- _WHAT IS BEING ASKED_:
Copying exactly, give the lines in the material below from the one with "A curious deer explores a camp site." to the one with "Cute dog laying near a window on a rug", ends included, and nothing besides.

- _WORKING DATA_:

....................

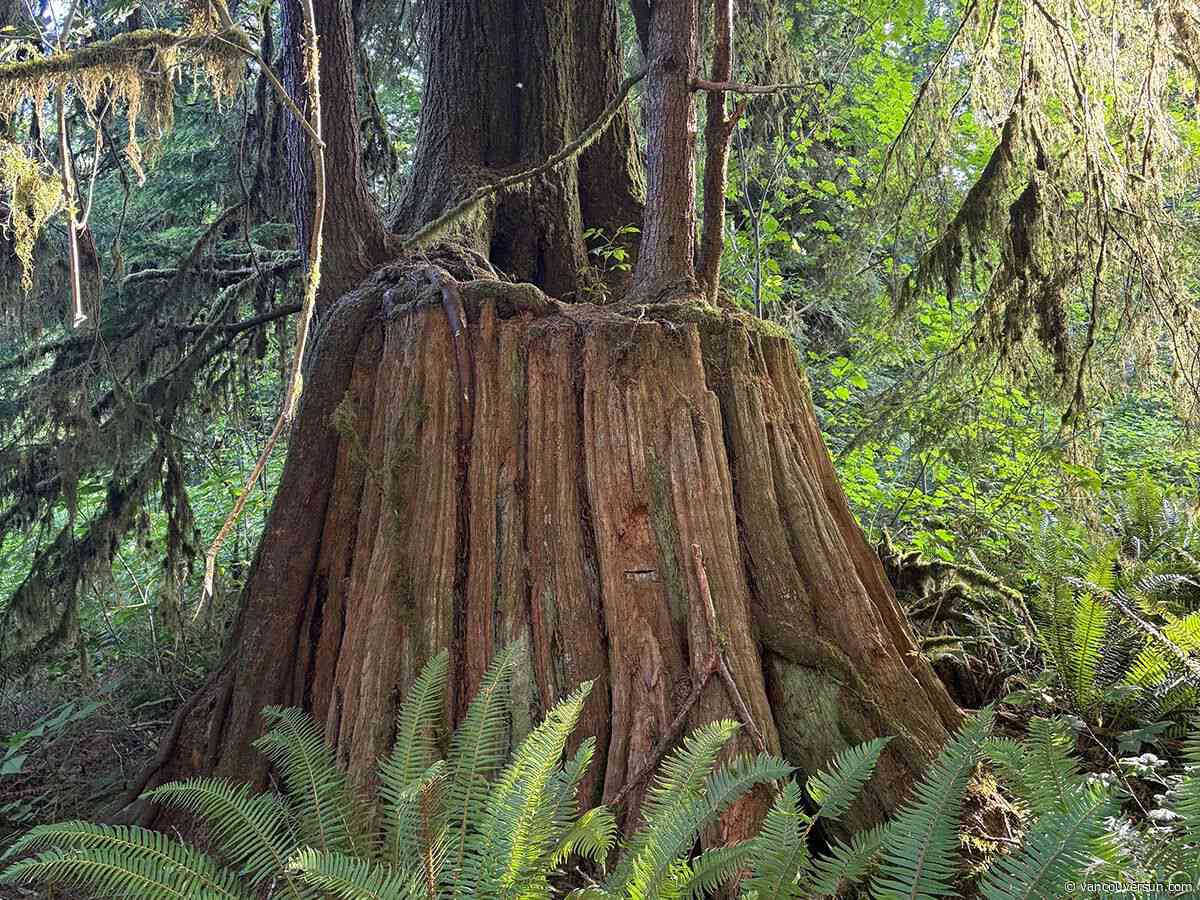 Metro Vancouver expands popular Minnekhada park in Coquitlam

....................

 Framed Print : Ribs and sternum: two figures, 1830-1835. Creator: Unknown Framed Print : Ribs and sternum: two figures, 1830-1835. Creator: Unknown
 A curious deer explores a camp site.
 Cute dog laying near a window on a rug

....................

- _ANSWER SECTION_:
 A curious deer explores a camp site.
 Cute dog laying near a window on a rug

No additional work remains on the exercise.